• _Task directions_: Transcribe the lines from the start of the data below through the line with "Jeu de 7 Familles", word for word and nothing more.

·····

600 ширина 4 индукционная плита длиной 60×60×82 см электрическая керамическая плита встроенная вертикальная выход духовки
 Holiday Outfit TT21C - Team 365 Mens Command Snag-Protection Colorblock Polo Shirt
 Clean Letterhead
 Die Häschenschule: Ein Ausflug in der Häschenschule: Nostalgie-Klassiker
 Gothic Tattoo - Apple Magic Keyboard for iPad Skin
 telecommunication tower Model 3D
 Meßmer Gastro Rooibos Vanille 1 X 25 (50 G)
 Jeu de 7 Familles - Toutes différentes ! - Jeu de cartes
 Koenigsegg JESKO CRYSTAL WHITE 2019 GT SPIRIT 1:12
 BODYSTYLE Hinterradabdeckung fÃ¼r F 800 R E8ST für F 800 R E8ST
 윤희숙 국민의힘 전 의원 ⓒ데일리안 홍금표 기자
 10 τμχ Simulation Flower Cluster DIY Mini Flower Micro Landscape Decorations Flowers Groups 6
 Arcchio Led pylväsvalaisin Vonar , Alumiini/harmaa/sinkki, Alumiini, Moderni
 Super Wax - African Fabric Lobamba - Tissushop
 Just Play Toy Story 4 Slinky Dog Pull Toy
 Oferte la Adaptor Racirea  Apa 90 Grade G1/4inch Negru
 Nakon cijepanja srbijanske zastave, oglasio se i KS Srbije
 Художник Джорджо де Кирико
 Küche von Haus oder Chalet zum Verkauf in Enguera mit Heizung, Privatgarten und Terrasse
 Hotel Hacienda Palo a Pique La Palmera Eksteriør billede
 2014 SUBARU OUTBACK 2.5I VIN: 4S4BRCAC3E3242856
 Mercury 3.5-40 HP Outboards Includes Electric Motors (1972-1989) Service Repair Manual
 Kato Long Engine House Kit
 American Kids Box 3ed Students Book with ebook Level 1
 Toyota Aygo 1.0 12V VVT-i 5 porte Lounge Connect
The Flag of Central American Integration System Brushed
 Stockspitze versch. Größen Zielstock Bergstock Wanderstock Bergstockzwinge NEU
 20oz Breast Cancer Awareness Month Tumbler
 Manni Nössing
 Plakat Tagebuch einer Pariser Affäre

·····

• _Task answer_:
600 ширина 4 индукционная плита длиной 60×60×82 см электрическая керамическая плита встроенная вертикальная выход духовки
 Holiday Outfit TT21C - Team 365 Mens Command Snag-Protection Colorblock Polo Shirt
 Clean Letterhead
 Die Häschenschule: Ein Ausflug in der Häschenschule: Nostalgie-Klassiker
 Gothic Tattoo - Apple Magic Keyboard for iPad Skin
 telecommunication tower Model 3D
 Meßmer Gastro Rooibos Vanille 1 X 25 (50 G)
 Jeu de 7 Familles - Toutes différentes ! - Jeu de cartes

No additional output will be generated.